**WHAT TO WORK ON**
With the pictures left out, set down the line containing "Plakáty v rámu 40x30 Fialové květy aster" and each line after it to the end of the material, exactly as written.
═══ EXERCISE INPUT ═══
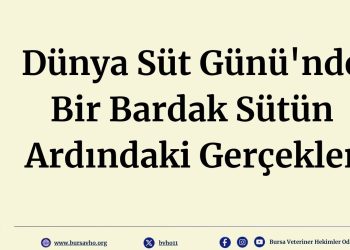 Dünya Süt Günü’nde Bir Bardak Sütün Ardındaki Gerçekler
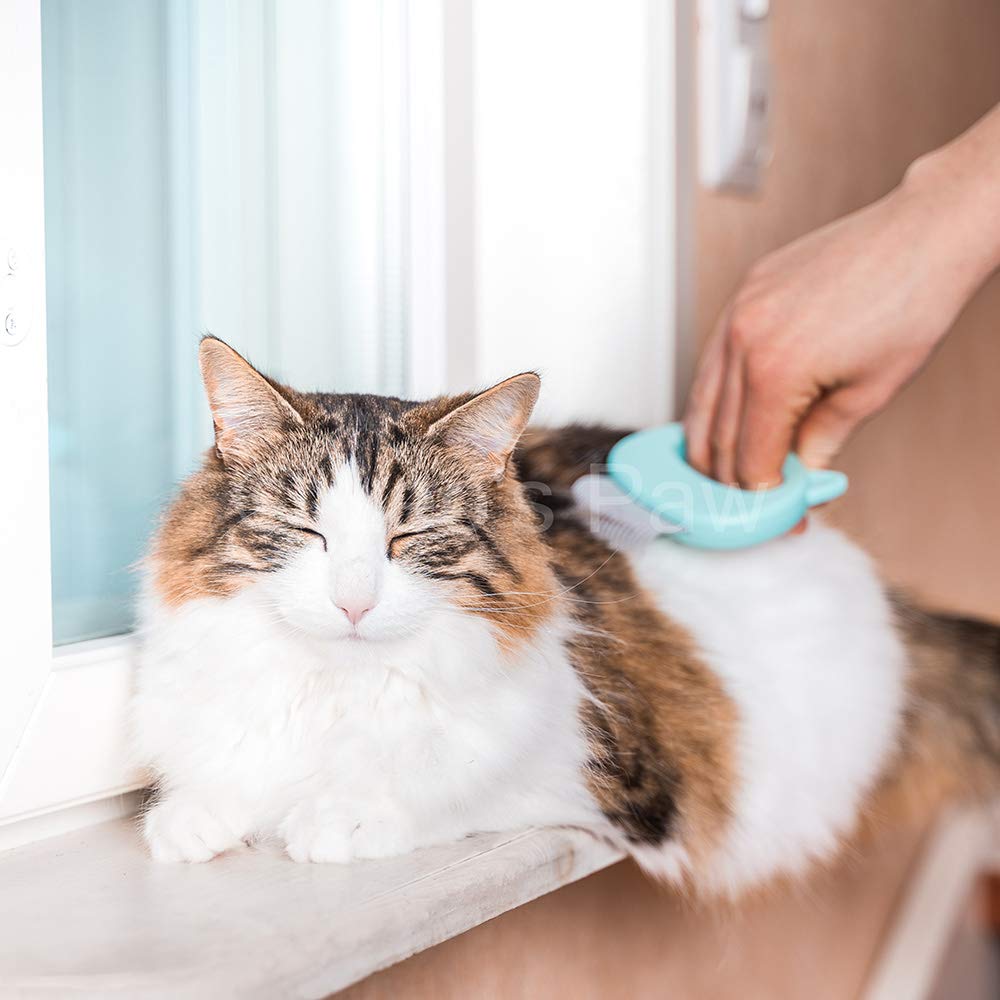 Leos Paw shell comb mint bunny care demonstrates gentle detangling for small pets.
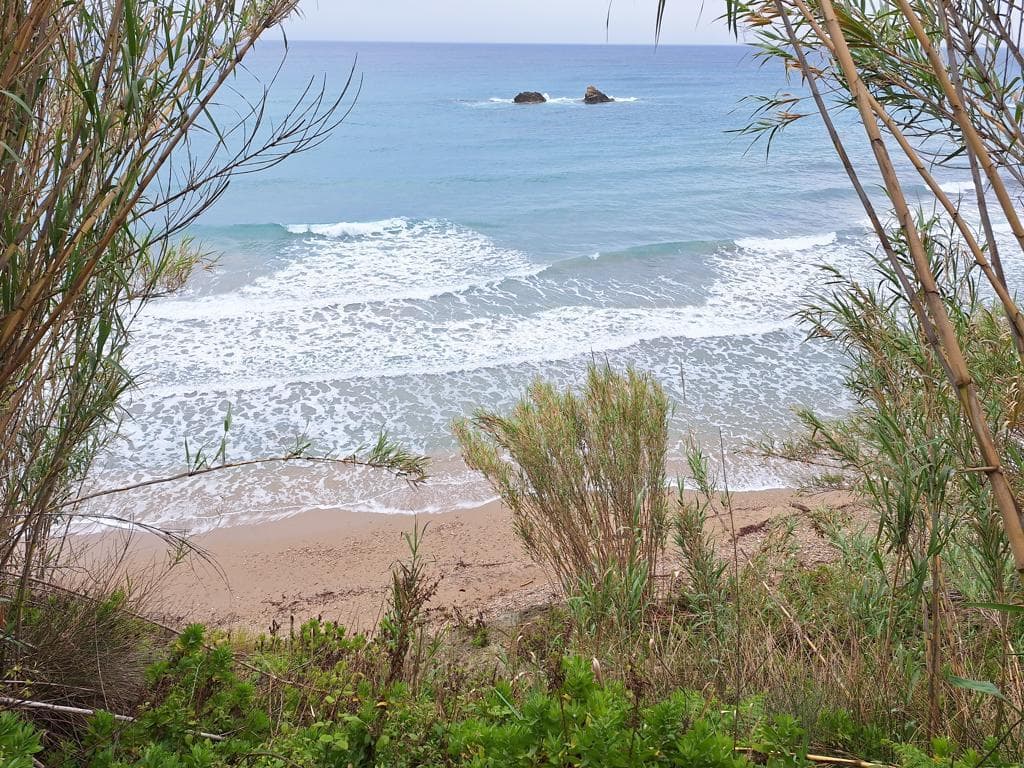 For Sale Land 4444 m² in Corfu
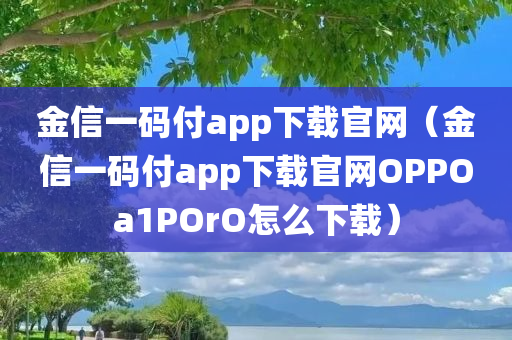 金信一码付app下载官网（金信一码付app下载官网OPPOa1POrO怎么下载）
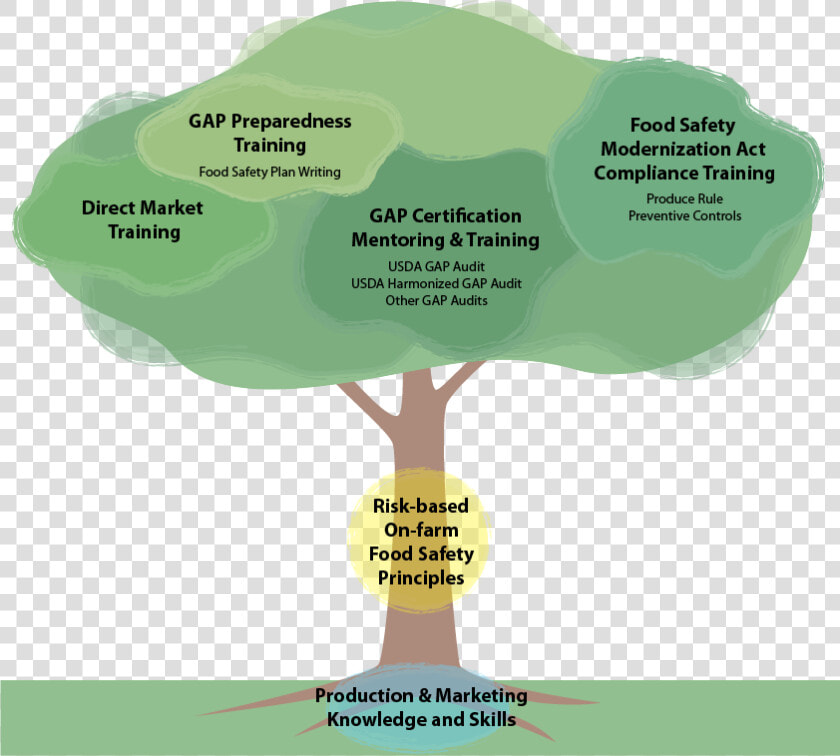 Competencies   Map  HD Png DownloadTransparent PNG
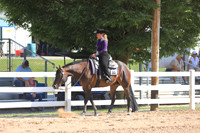 Select Amateur Western Pleasure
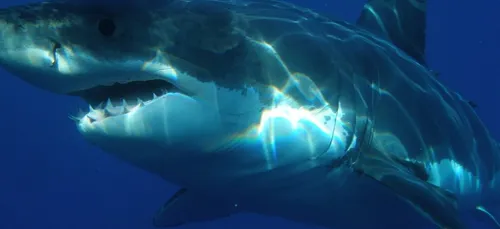 Étonnante découverte au large du Croisic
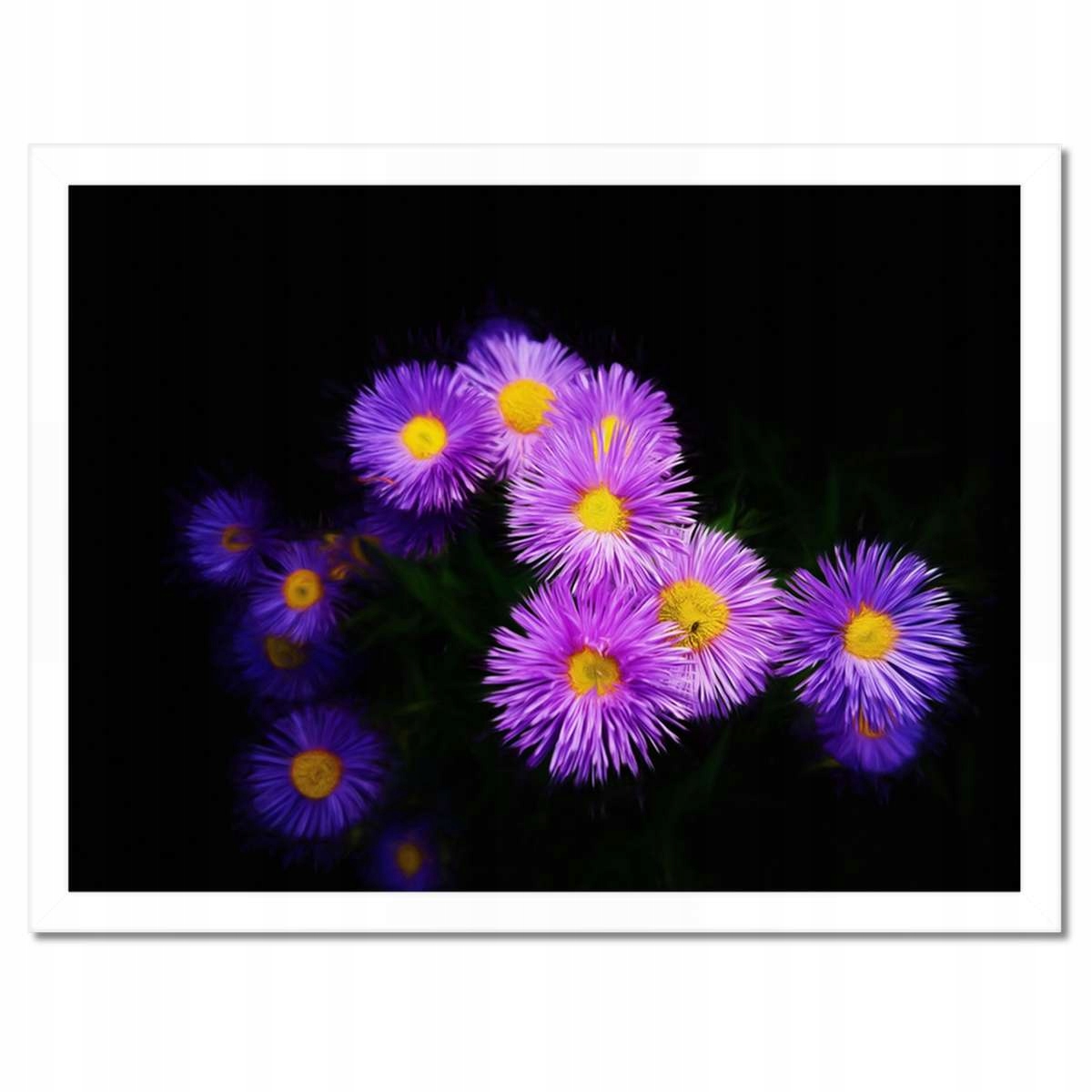Plakáty v rámu 40x30 Fialové květy aster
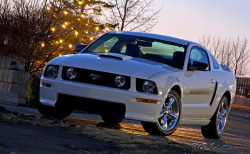 ford-mustang-generation:  Season´s greetings by B&amp;B Kristinsson on Flickr.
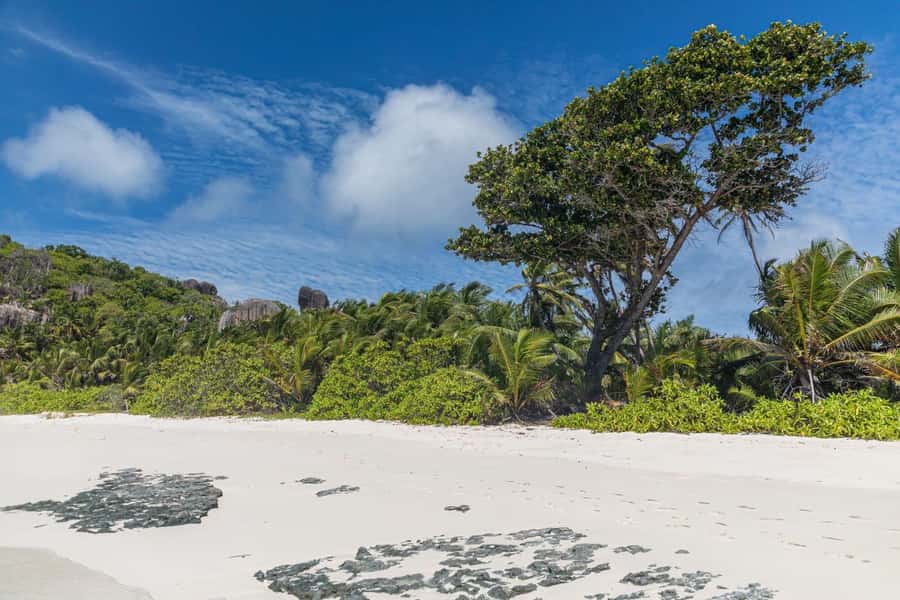 Praslin: Sister & Coco Island Full-Day Cruise and Creole BBQ - Who will get the most from this day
═══
**TASK SOLUTION**
Plakáty v rámu 40x30 Fialové květy aster
 ford-mustang-generation:  Season´s greetings by B&amp;B Kristinsson on Flickr.
 Praslin: Sister & Coco Island Full-Day Cruise and Creole BBQ - Who will get the most from this day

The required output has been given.